0620 GMT: What the media is missing, as it is distracted by the Geneva talks, is the significant but still far-from-clear change in Iran's political landscape in the last 48 hours.

All indications are that a plan for political reconciliation --- whether it is in draft or final version --- has been circulating. Yesterday there was the dispute over whether Ayatollah Haeri-Sharazi had branded the plan "a lie", the supporting calls for unity from figures like Ayatollah Makarem-Shirazi, and, most importantly, the meeting of Mir Hossein Mousavi with the reformist Parliamentary minority, the Imam Khomeini Line.

Mousavi is clearly working with the notion of a "National Unity Plan", but we're divided here at Enduring America over whether that means Mousavi is reinforcing the Green Wave's challenge to the system or giving up political opposition for a more conciliatory, even accommodating concept of "social movement". Personally, what has disturbed me, putting all the reports together, is the exclusion of Mehdi Karroubi from the process. This feels like a compromise between Mousavi and elements within the regime (to be blunt, Mousavi and Rafsanjani). If true, what that means for the future of President Ahmadinejad is uncertain --- could there even be a vision of a new Government in which Mousavi would have a role? The Supreme Leader, on the other hand, would be in a far stronger position.

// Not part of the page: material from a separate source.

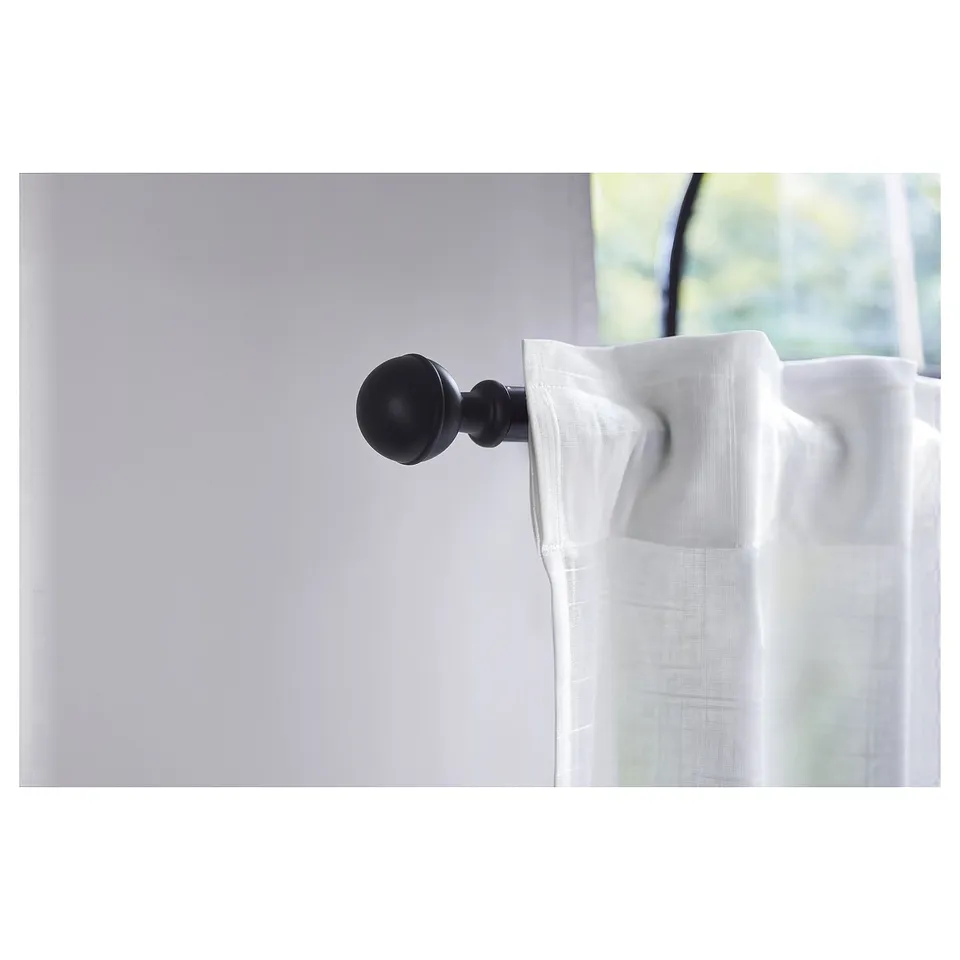 Black decorative finial on white curtain rod near a window.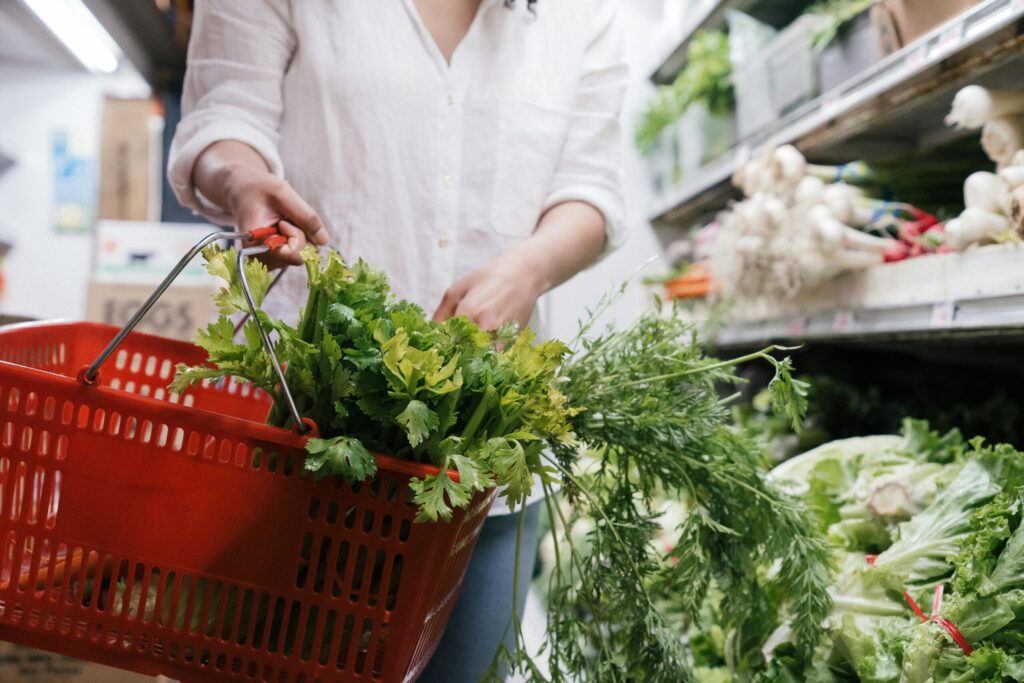 close up shot of a person holding a grocery basket with vegetables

We should know more today after Rafsajani and former President Mohammad Khatami meet the Imam Khomeini Line.

0600 GMT: For the world's media, "Iran" will mean little more today than the talks on Tehran's nuclear programme in Geneva. While there are some useful scraps of informaton, most of the coverage relies on generalisations ahead of any meaningful news from Switzerland. Thus, CNN's "IAEA: Iran broke law with nuclear facility" squares off with Press TV's "Exclusive: IAEA letter thanks Iran over notification".

More importantly, almost none of the news outlets are able to read behind the superficial spin from the participating countries. Thus, the emerging picture --- that Washington's high-profile pressure tactics over the "secret nuclear plant" have put the Administration in a corner, as the possibility of significant sanctions recedes --- is missed. So, if Iran does not offer a meaningful concession to US demands today, Obama faces a bigger challenger than Tehran's non-Bomb: the domestic groups who will insist on a punishment that cannot be meted out.